Hands clad in thick black oil, the fisherman begs for his camera and throws toxic gloves into the sea, telling viewers to “share this video.”
Carved on a small boat, Gary Abud spilled oil in the Gulf of Paris this week on the Caribbean coast of Trinidad. There are many recent spills that pose a serious threat to the environment’s endangered marine life and the fishing industry.
Abudud, who is led by the Environmental Protection Agency, criticized the miles for spilling over, and criticized Paria Oil Trading Limited, an individual, for its half-hearted attempt.
Fishermen and Friends of the Sea (FFS) appear to have gone out to record the leaked document and attempted to smash the wreckage. He called on the company to use the boom to hold and collect the oil. “What we have seen [in terms of the spill] They were not as angry as they used to be. ”
“Dividing big gloves into smaller gloves may not be small, but it is also disgusting to us. When they break the oil, it sinks into the ocean bed, where it continues to decline and enter the food chain. ”
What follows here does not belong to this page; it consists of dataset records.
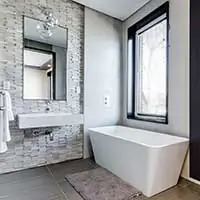 Badezimmer mit großem Fenster Badezimmer mit großem Fenster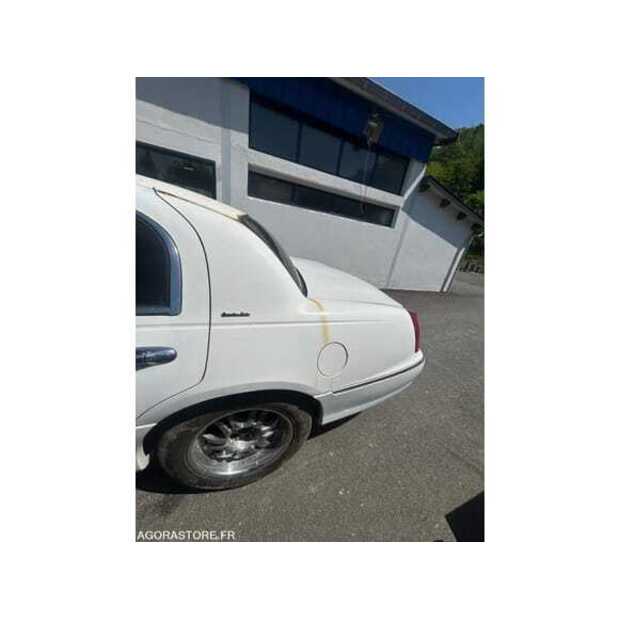 2000 لينكولن Town Car-49061669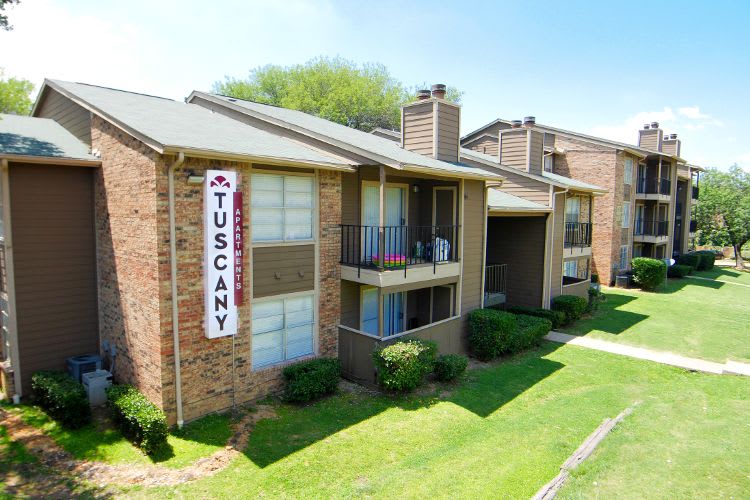 Apartments exterior view at Tuscany Apartments in Fort Worth, TX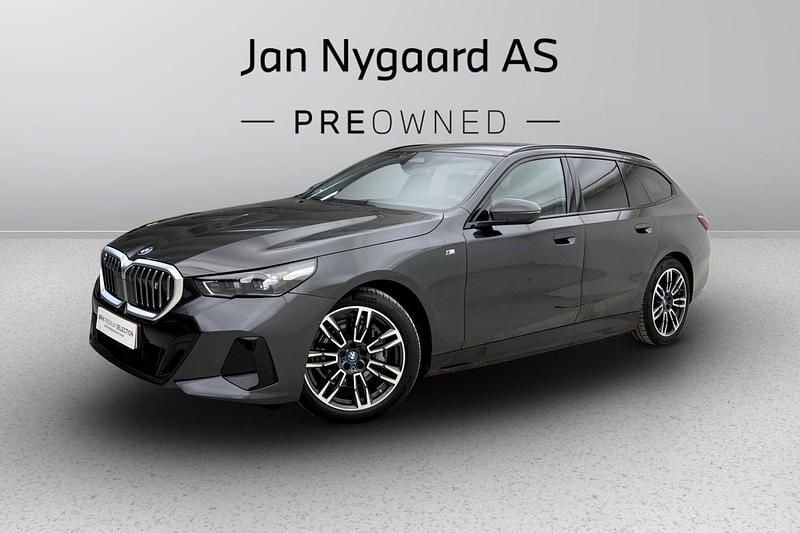 Gråmetal Brugt 2025 BMW i5 M Sport Sedan | 539.000 kr. (Fair pris) - Billede 1/3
Paria said she found the leak on Saturday at 7:30 p.m. “The flow is slow, and the rest of the cleaning is underway,” he said in a statement on Monday.
The company said it was strategically designed to prevent incoming oil spills, and that seawater was “mechanically dispersing” and vacuum trucks were removing oil from the ground.
But FFOS Program Director Lisa Primchand said there was no evidence in the past three days that the company was using a boom to catch leaks. There were no clues in the Gulf of Peria about this oil to prevent the oil from spreading further through our old image.
According to Primchand, FFS includes eyewitness accounts from fishermen that the fuel distribution is being used in the sanitation test, although there is no confirmation from the company. The Trinidad and Tobago oil spill emergency plan says dispersed chemicals should not be used near the coast.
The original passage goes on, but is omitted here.